[Your goal]
The data below should be retyped exactly, with the pictures left out.

[Image-caption web data]
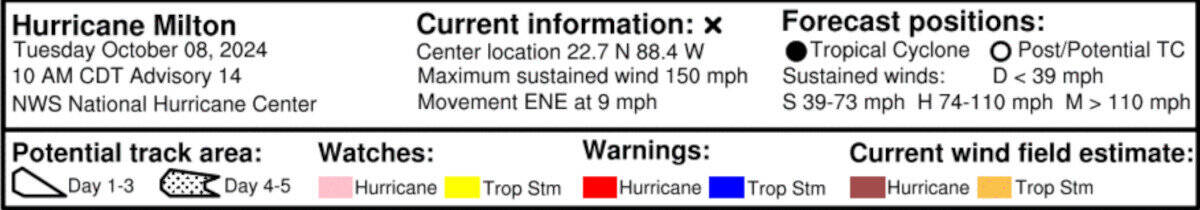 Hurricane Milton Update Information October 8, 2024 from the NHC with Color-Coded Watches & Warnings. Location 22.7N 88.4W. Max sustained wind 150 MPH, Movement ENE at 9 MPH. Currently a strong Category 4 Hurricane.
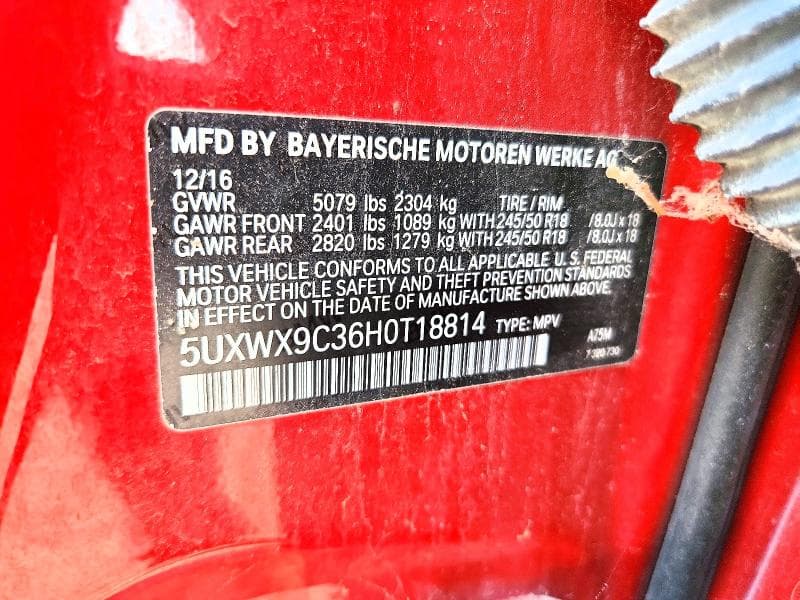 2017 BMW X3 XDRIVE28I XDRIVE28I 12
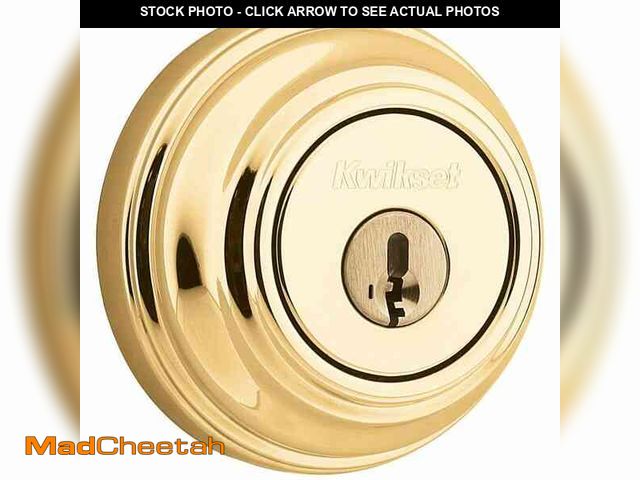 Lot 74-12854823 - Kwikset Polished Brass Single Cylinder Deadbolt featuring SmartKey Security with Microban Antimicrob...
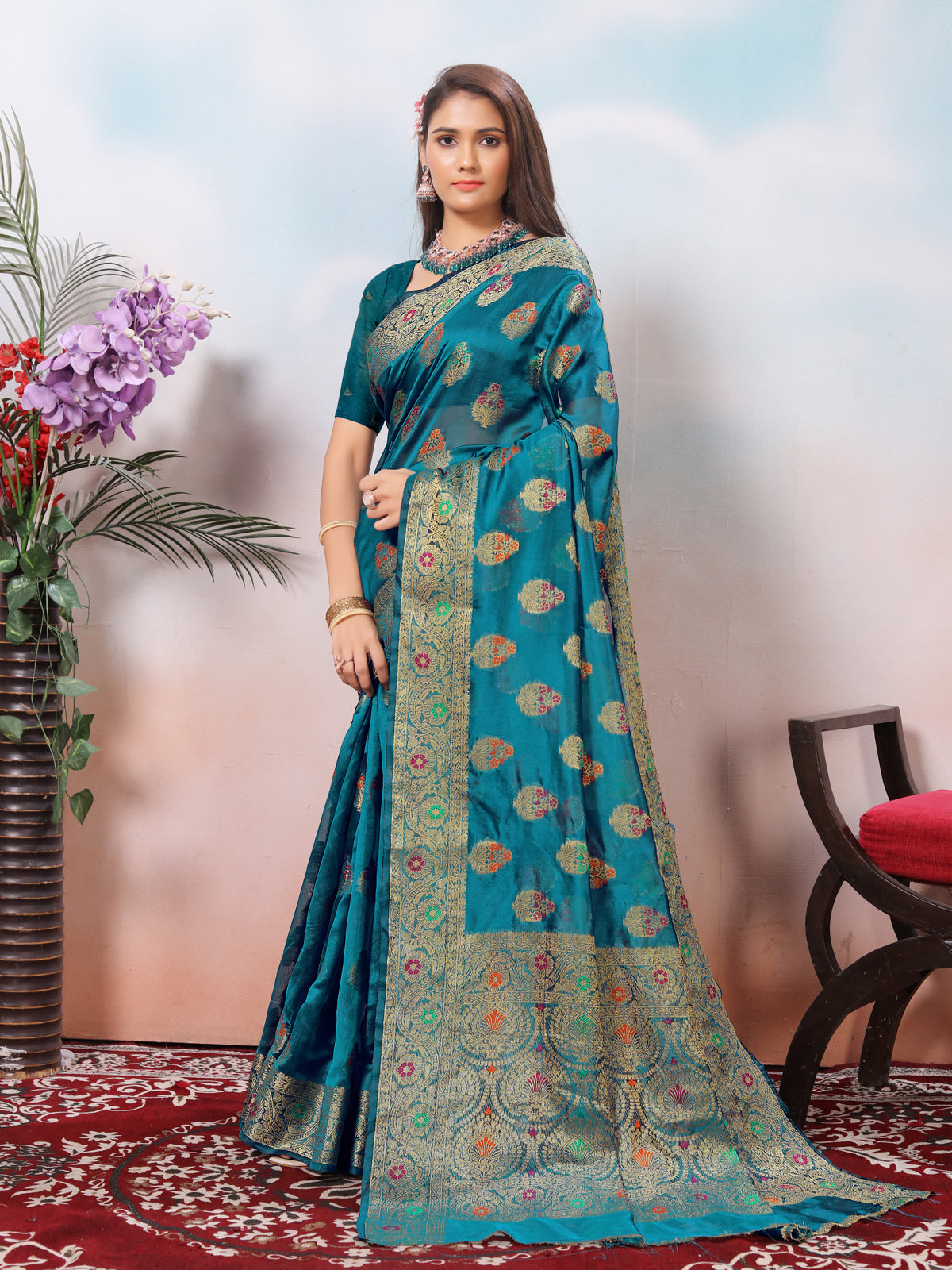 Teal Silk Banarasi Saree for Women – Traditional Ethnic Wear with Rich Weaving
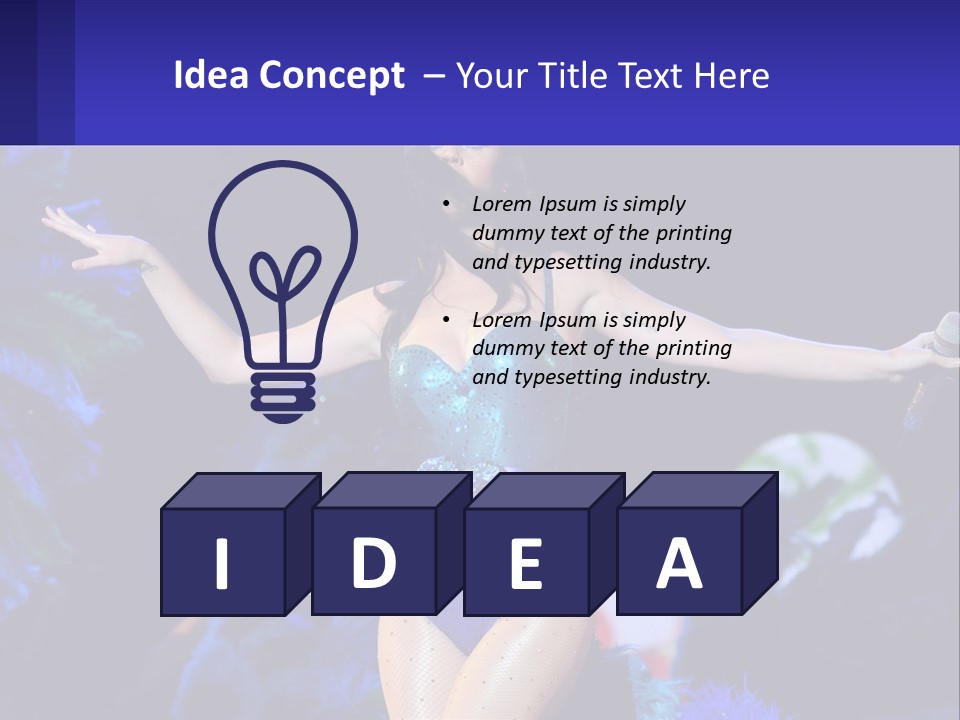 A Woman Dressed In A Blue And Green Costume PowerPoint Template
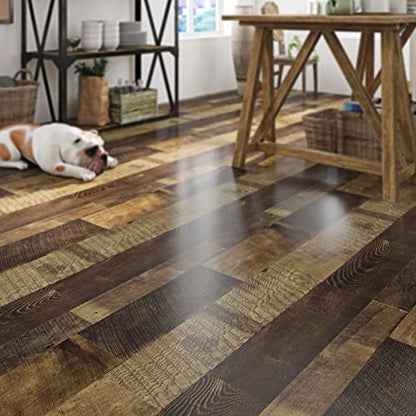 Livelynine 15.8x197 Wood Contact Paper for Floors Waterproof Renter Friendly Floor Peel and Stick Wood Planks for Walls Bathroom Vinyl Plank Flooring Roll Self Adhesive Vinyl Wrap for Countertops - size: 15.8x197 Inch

[Result]
 Hurricane Milton Update Information October 8, 2024 from the NHC with Color-Coded Watches & Warnings. Location 22.7N 88.4W. Max sustained wind 150 MPH, Movement ENE at 9 MPH. Currently a strong Category 4 Hurricane.
 2017 BMW X3 XDRIVE28I XDRIVE28I 12
 Lot 74-12854823 - Kwikset Polished Brass Single Cylinder Deadbolt featuring SmartKey Security with Microban Antimicrob...
 Teal Silk Banarasi Saree for Women – Traditional Ethnic Wear with Rich Weaving
 A Woman Dressed In A Blue And Green Costume PowerPoint Template
 Livelynine 15.8x197 Wood Contact Paper for Floors Waterproof Renter Friendly Floor Peel and Stick Wood Planks for Walls Bathroom Vinyl Plank Flooring Roll Self Adhesive Vinyl Wrap for Countertops - size: 15.8x197 Inch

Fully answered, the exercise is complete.